Por Carolina Vásquez Araya:
Un continente lleno de recursos, incapaz de gobernarse a sí
mismo.
Hay que comenzar por definir los términos, ya que de acuerdo
con la Academia de la Lengua Española, soberanía es el “poder político supremo
que corresponde a un Estado independiente” y Estado es “el conjunto de los
órganos de gobierno de un país soberano”. Uno y otro interconectados en el
concepto de independencia política como uno de los pilares fundamentales de
cualquier sistema de gobierno. Por lo tanto, para presumir de pertenecer a un
Estado soberano existen condiciones específicas que, cuando estas no se
cumplen, vacías de contenido cualquier discurso emitido por un político en el
poder.
Ningún país latinoamericano posee ese rimbombante título.
Condicionados y corrompidos en todos sus estamentos por el poder económico y
político de países mucho más poderosos cuyos intereses siempre prevalecerán por
sobre los de los pueblos sometidos a sus exigencias, han perdido desde hace
mucho el derecho de ser soberanos. Baste retroceder a los archivos históricos
para constatar la profunda injerencia extranjera en decisiones de orden
estrictamente interno en todos y cada uno de nuestros países. La dependencia
diseñada y construida como una herramienta de supuesto desarrollo se ha
transformado en un lazo indeseable cuyo único resultado es la pobreza y la
incapacidad de los gobiernos del continente para gobernar con independencia y
un enfoque social de beneficio para sus pueblos.
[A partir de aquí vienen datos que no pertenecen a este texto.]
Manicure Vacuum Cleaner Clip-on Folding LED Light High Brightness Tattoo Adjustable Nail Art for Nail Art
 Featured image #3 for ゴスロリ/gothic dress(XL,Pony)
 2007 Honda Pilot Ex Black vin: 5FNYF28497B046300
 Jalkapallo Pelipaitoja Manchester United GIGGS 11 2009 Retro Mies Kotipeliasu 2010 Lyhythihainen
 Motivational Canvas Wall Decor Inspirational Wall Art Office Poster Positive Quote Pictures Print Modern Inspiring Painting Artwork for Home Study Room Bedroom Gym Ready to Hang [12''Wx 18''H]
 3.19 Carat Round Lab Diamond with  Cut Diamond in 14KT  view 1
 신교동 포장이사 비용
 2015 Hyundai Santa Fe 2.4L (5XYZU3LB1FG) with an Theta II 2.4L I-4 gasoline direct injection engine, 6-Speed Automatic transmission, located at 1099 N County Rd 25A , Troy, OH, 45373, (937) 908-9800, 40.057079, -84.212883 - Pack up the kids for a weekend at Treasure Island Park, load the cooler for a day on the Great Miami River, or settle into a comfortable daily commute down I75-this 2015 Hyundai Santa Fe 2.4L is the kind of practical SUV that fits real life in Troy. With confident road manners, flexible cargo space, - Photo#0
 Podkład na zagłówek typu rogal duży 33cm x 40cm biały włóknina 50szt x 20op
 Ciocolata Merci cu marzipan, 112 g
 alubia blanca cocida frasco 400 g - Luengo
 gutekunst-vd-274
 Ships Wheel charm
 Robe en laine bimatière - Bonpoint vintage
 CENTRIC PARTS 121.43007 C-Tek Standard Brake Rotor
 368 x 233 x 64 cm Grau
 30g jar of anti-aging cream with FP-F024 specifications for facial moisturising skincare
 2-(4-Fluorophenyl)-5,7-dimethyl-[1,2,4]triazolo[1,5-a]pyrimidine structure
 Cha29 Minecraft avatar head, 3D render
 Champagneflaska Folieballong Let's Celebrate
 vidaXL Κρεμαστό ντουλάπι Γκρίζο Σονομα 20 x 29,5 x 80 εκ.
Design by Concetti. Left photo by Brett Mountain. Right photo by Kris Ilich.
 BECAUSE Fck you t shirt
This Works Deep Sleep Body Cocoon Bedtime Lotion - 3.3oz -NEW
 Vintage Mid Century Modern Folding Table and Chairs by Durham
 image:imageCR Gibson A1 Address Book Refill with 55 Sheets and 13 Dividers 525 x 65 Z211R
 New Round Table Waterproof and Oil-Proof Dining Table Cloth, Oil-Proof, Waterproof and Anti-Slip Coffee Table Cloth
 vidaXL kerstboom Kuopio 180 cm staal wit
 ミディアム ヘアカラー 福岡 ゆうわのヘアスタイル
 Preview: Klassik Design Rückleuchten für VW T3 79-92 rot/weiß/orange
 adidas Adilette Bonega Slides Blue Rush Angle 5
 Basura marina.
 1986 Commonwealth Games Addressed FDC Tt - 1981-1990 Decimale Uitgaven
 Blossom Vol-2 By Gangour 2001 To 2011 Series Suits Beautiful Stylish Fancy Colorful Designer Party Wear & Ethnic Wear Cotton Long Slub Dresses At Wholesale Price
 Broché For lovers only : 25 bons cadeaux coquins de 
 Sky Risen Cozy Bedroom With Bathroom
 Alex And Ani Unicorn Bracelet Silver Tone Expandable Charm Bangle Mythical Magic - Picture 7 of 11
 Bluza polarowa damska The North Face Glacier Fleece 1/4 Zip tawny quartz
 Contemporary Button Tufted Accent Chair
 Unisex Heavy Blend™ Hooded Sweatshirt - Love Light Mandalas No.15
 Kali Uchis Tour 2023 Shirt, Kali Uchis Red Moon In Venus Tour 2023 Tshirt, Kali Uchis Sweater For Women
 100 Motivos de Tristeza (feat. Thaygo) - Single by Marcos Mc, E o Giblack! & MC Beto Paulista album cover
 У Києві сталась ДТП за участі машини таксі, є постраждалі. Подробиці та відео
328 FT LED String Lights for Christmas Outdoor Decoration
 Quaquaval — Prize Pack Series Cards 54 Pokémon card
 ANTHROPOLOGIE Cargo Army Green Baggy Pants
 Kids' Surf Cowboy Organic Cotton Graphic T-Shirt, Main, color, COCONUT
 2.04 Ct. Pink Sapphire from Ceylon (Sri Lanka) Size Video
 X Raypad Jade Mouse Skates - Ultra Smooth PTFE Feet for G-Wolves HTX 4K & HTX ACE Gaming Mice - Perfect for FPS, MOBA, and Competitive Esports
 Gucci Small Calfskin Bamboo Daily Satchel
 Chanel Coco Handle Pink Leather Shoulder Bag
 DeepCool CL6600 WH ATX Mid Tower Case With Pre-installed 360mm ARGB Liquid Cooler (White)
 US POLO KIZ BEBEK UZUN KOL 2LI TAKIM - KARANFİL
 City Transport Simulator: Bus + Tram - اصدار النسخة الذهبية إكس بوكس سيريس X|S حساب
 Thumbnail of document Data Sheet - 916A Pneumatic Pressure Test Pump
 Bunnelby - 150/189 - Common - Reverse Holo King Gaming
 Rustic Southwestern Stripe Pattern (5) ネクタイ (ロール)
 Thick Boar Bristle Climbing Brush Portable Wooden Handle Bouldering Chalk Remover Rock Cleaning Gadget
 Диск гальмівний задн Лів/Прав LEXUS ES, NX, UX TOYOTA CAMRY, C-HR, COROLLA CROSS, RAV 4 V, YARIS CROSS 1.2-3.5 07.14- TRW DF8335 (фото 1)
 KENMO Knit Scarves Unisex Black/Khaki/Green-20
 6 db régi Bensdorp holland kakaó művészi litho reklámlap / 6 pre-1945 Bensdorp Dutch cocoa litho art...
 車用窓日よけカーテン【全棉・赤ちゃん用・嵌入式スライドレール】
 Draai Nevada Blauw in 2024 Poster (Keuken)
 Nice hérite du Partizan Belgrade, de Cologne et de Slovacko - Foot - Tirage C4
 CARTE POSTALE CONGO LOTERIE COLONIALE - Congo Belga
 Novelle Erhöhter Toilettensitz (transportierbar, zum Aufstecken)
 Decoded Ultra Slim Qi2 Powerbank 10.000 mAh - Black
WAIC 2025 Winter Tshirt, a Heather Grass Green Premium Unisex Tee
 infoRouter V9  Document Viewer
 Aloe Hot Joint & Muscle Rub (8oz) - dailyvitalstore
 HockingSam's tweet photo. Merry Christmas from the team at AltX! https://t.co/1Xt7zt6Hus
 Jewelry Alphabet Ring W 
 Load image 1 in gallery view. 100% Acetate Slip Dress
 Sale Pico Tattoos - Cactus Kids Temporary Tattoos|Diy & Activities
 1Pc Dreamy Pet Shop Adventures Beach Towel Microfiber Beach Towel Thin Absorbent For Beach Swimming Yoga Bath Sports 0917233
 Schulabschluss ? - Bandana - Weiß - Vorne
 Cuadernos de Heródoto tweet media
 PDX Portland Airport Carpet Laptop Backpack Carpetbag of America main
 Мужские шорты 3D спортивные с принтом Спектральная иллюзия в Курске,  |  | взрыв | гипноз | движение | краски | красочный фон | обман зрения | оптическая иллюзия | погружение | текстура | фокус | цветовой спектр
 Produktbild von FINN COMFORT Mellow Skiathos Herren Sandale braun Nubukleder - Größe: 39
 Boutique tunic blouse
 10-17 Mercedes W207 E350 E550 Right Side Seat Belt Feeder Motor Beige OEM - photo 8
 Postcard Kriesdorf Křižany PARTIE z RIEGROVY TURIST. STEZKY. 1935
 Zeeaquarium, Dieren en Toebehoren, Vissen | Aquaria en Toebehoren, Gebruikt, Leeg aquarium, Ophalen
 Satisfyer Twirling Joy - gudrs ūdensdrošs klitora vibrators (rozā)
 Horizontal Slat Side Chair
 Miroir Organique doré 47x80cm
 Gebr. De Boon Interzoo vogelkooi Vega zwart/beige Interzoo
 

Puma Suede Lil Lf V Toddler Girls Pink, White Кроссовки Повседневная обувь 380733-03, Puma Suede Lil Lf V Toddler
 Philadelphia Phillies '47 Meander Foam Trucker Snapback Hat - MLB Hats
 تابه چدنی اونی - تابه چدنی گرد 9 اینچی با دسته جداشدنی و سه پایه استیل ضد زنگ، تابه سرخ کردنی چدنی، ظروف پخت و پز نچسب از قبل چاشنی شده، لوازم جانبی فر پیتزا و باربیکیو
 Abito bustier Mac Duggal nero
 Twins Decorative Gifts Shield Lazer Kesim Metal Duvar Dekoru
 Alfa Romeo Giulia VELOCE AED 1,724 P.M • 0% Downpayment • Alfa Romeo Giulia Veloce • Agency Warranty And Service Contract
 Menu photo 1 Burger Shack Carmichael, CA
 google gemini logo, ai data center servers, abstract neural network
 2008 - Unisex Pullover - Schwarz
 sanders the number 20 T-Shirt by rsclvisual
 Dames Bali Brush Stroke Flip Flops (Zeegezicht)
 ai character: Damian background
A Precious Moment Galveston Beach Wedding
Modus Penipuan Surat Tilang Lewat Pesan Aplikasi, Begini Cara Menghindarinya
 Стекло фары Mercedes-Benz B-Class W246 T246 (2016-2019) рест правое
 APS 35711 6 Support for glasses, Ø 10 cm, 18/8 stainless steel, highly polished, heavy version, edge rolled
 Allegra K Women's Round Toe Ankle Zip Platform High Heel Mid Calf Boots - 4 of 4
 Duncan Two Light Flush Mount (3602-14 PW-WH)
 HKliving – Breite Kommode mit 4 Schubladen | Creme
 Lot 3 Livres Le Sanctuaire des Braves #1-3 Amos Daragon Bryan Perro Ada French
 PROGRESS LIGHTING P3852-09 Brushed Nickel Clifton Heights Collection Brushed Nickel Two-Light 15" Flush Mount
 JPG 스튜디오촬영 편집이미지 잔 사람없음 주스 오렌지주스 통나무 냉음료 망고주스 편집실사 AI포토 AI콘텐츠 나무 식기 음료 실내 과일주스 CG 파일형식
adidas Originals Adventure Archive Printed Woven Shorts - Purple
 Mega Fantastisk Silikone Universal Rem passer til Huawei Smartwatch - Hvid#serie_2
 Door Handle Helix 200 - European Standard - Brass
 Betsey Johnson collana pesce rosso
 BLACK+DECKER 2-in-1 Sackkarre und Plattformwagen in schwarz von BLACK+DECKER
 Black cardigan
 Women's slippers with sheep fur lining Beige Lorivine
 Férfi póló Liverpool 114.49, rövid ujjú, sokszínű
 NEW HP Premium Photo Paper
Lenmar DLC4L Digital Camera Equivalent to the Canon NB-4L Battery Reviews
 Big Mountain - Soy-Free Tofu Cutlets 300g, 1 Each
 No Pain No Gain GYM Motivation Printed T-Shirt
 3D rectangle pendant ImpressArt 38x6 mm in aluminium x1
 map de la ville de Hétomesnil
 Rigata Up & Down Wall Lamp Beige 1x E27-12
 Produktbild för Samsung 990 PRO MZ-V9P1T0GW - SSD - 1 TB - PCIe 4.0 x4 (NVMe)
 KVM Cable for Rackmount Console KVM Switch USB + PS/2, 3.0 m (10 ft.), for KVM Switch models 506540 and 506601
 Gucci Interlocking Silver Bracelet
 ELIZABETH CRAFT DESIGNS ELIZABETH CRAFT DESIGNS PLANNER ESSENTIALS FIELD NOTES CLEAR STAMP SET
América Latina ha sido y continúa siendo el patio trasero de
intereses totalmente ajenos a esta región. Las pugnas entre Estados Unidos y Rusia,
entre Estados Unidos y los países productores de petróleo, entre Estados Unidos
y la maquinaria comercial de China, siguen aplastando los intereses propios de
cada Estado de nuestro continente en un perverso juego de presiones de todo
tipo, sobornando a políticos puestos a conveniencia de las élites con el fin de
impedir el empoderamiento de la ciudadanía y así garantizar la sumisión y el
entreguismo.
Así es que cuando un presidente latinoamericano empapa su
discurso con palabras rimbombantes como soberanía, independencia y dignidad
nacional, solo está vendiendo una pomada vieja y deslucida que ha perdido todo
su efecto como motivador de masas, pero sobre todo ha perdido toda legitimidad.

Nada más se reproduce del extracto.